**Exercise details**: Give back exactly the line containing "Rua Vidigal map" together with all the lines after it, ending at the final line below.

**Material provided**:
++++++

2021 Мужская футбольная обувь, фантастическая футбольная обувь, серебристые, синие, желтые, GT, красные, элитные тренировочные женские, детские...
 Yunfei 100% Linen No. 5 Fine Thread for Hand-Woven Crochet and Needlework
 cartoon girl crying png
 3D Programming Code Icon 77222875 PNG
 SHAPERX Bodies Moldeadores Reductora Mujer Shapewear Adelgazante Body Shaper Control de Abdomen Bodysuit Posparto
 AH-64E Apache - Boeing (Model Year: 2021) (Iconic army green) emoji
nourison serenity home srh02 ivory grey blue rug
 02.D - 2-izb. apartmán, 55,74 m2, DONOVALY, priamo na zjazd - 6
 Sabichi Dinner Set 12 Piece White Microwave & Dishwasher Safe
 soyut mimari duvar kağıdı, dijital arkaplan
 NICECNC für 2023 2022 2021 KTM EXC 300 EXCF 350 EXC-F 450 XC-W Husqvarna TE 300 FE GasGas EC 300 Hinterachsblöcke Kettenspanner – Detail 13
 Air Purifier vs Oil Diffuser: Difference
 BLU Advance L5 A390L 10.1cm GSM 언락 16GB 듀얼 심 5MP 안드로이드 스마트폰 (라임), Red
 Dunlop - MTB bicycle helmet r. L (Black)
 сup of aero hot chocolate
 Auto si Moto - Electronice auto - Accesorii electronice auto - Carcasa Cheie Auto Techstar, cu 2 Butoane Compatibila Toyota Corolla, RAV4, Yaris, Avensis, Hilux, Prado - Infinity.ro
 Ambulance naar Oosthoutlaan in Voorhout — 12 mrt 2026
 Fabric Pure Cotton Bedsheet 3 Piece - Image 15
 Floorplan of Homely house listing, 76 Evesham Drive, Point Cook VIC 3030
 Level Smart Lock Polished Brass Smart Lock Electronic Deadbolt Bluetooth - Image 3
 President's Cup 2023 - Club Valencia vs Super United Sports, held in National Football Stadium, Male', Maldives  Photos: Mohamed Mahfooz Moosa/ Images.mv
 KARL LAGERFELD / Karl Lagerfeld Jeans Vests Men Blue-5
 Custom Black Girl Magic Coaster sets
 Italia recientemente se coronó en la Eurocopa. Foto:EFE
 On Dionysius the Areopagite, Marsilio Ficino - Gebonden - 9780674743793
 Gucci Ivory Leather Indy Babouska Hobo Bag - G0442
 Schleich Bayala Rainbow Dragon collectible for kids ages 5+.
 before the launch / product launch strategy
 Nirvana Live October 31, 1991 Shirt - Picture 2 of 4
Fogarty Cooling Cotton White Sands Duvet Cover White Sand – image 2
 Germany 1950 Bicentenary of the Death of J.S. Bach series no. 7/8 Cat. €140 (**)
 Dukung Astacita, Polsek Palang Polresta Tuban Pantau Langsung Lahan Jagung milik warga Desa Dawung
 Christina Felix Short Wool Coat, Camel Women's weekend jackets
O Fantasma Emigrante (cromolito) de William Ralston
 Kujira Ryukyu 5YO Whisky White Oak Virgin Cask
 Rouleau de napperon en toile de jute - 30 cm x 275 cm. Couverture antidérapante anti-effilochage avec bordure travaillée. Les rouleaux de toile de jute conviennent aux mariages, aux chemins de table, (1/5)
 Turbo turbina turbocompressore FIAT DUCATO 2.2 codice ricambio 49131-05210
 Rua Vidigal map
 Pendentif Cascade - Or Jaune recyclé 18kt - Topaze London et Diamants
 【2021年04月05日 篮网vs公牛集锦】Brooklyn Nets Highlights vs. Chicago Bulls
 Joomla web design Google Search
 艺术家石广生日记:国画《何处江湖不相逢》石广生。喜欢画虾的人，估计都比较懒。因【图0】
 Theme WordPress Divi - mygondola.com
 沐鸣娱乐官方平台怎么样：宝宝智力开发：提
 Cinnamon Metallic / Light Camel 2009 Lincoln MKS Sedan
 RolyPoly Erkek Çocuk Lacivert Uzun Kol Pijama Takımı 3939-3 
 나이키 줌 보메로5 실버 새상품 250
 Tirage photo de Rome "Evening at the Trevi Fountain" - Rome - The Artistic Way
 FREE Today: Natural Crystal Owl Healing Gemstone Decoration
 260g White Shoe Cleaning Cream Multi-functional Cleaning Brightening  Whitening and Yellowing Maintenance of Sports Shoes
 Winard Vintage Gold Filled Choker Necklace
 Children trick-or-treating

++++++

**Exercise response**:
 Rua Vidigal map
 Pendentif Cascade - Or Jaune recyclé 18kt - Topaze London et Diamants
 【2021年04月05日 篮网vs公牛集锦】Brooklyn Nets Highlights vs. Chicago Bulls
 Joomla web design Google Search
 艺术家石广生日记:国画《何处江湖不相逢》石广生。喜欢画虾的人，估计都比较懒。因【图0】
 Theme WordPress Divi - mygondola.com
 沐鸣娱乐官方平台怎么样：宝宝智力开发：提
 Cinnamon Metallic / Light Camel 2009 Lincoln MKS Sedan
 RolyPoly Erkek Çocuk Lacivert Uzun Kol Pijama Takımı 3939-3 
 나이키 줌 보메로5 실버 새상품 250
 Tirage photo de Rome "Evening at the Trevi Fountain" - Rome - The Artistic Way
 FREE Today: Natural Crystal Owl Healing Gemstone Decoration
 260g White Shoe Cleaning Cream Multi-functional Cleaning Brightening  Whitening and Yellowing Maintenance of Sports Shoes
 Winard Vintage Gold Filled Choker Necklace
 Children trick-or-treating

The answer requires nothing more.